Web page caption snippets:
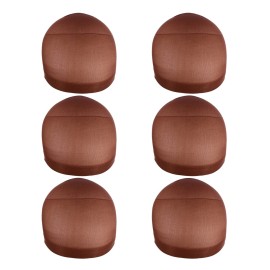 YANTAISIYU 6 Pieces Stocking Wig Caps for Lace Front Wigs Nylon Mesh Wig Cap for Women (Dark Brown)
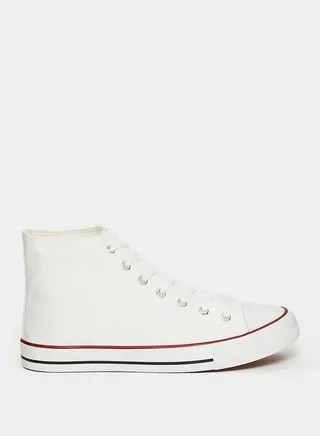 Canvas Lace Up Hi-Top Sneakers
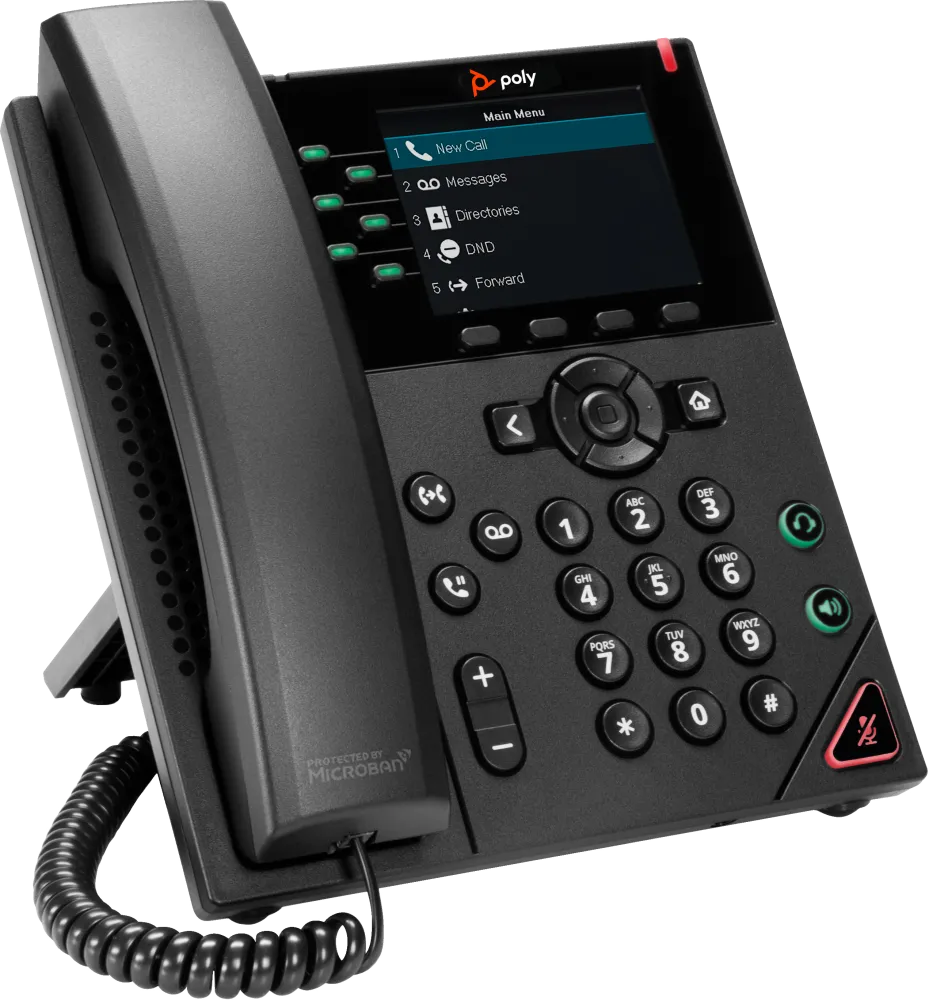 HP 89B71AA Poly VVX 350 6-Line IP Phone and PoE-enabled GSA/TAA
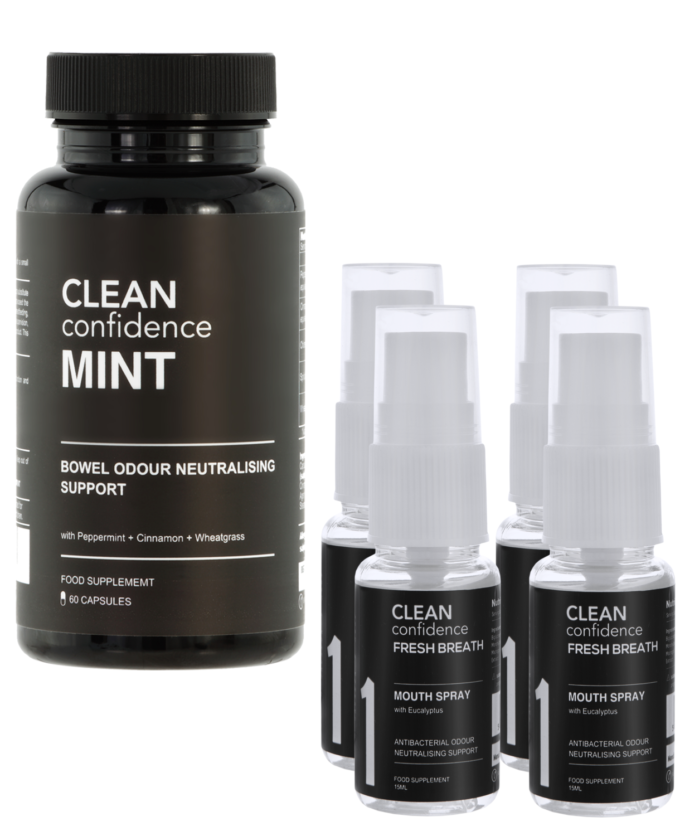 Freshness In Body Kit - MINT Bowel Odour Capsules, FRESH BREATH Mouth Spray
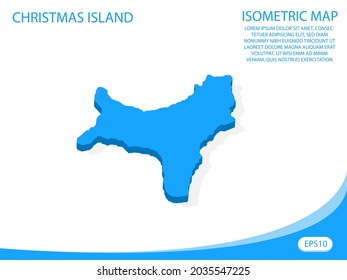 Mapa azul isométrico vectorial moderno de la Isla de Navidad. fondo blanco de elementos para mapa de concepto fácil de editar y personalizar. Pasos 10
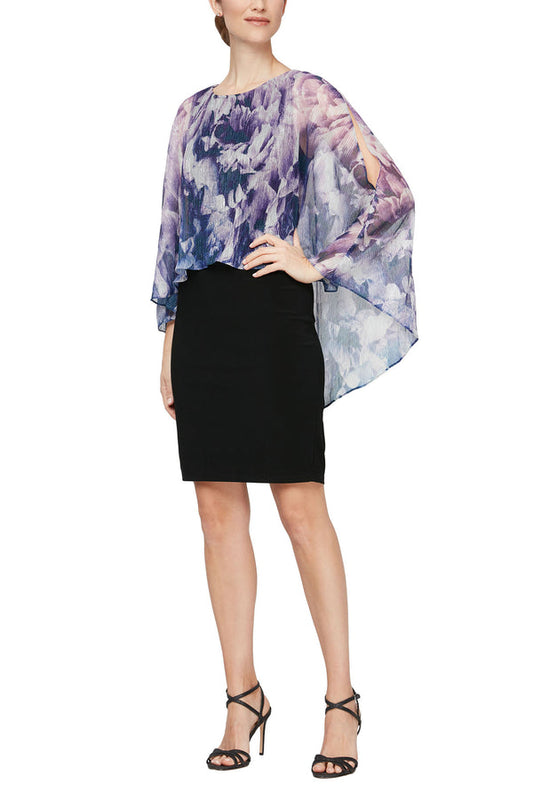 Cocktail Dresses Short Printed Cocktail Dress Purple Multi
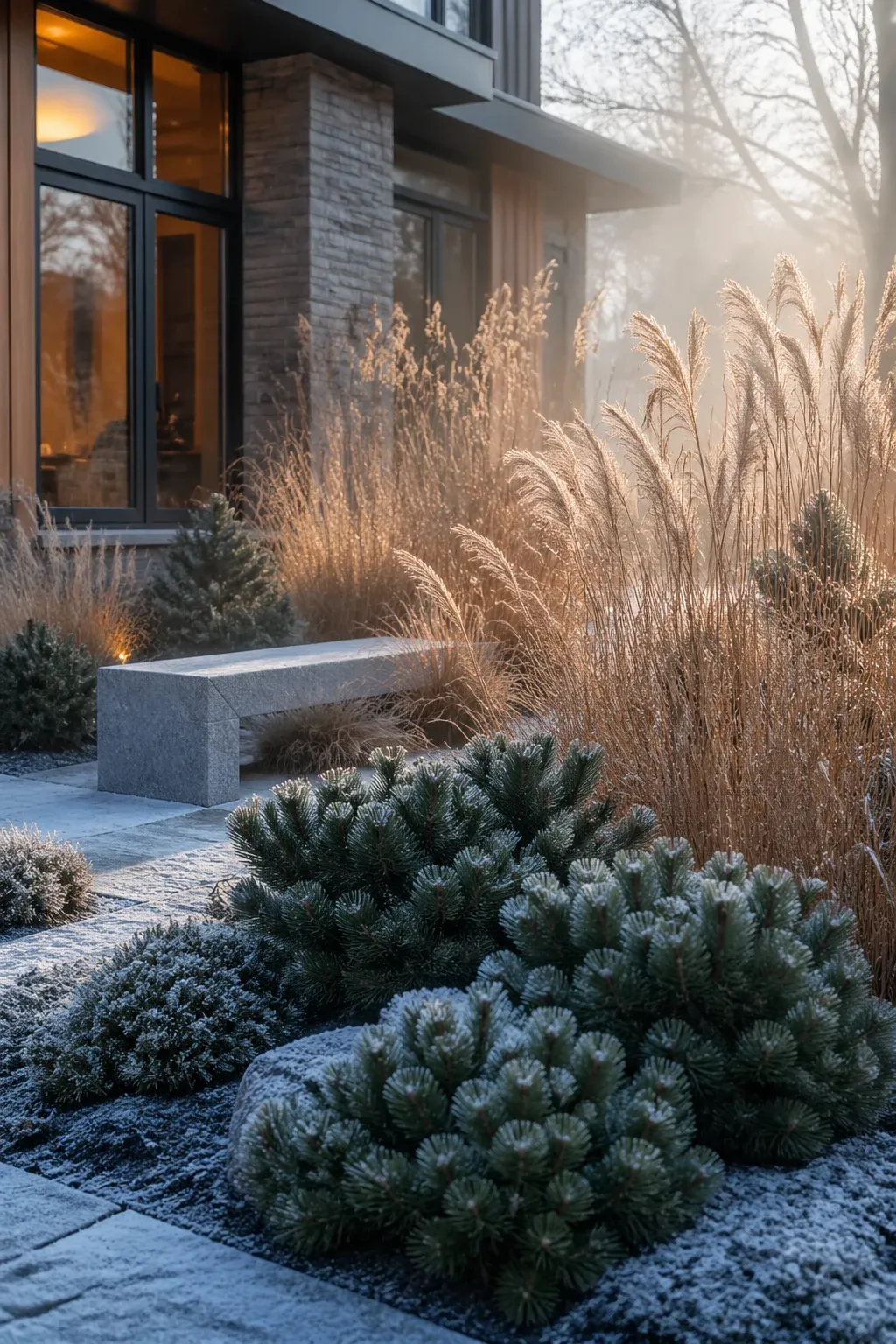 A winter garden with green evergreens and tall golden ornamental grasses.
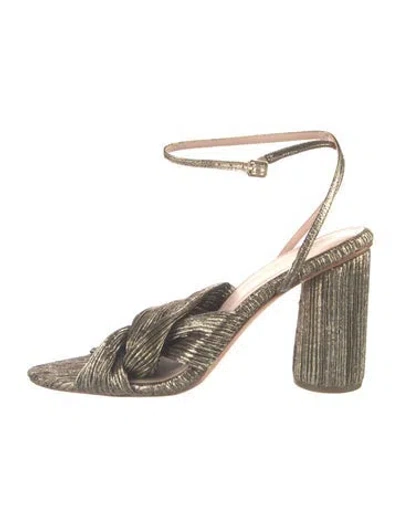 Pre-owned Loeffler Randall Glitter Accents Sandals In Gold/metallic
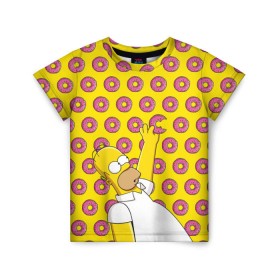 Детская футболка 3D с принтом Пончики Гомера Симпсона в Петрозаводске, 100% гипоаллергенный полиэфир | прямой крой, круглый вырез горловины, длина до линии бедер, чуть спущенное плечо, ткань немного тянется | donut | homer | simpson | гомер | еда | плюшка | пончик | симпсон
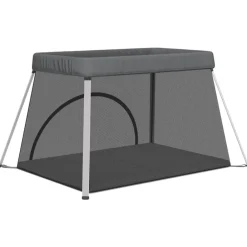 vidaXL Parque infantil para bebés con colchón tela lino Gris oscuro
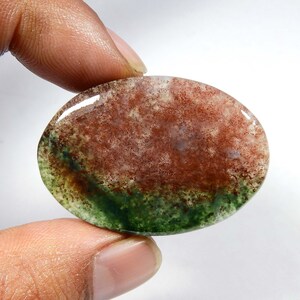 Zeewier mos agaat edelsteen. Charmante ~mosagaatcabochon. Natuurlijk groen rood mosagaat 39 x 27 mm ovale vorm los voor sieraden 53 kt KB-10415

_What is expected_: Could you return exactly the lines starting with the one that contains "Freshness In Body" and ending with the last line of the data above? Leave the pictures out.

_Exercise result_:
 Freshness In Body Kit - MINT Bowel Odour Capsules, FRESH BREATH Mouth Spray
 Mapa azul isométrico vectorial moderno de la Isla de Navidad. fondo blanco de elementos para mapa de concepto fácil de editar y personalizar. Pasos 10
 Cocktail Dresses Short Printed Cocktail Dress Purple Multi
 A winter garden with green evergreens and tall golden ornamental grasses.
 Pre-owned Loeffler Randall Glitter Accents Sandals In Gold/metallic
 Детская футболка 3D с принтом Пончики Гомера Симпсона в Петрозаводске, 100% гипоаллергенный полиэфир | прямой крой, круглый вырез горловины, длина до линии бедер, чуть спущенное плечо, ткань немного тянется | donut | homer | simpson | гомер | еда | плюшка | пончик | симпсон
 vidaXL Parque infantil para bebés con colchón tela lino Gris oscuro
 Zeewier mos agaat edelsteen. Charmante ~mosagaatcabochon. Natuurlijk groen rood mosagaat 39 x 27 mm ovale vorm los voor sieraden 53 kt KB-10415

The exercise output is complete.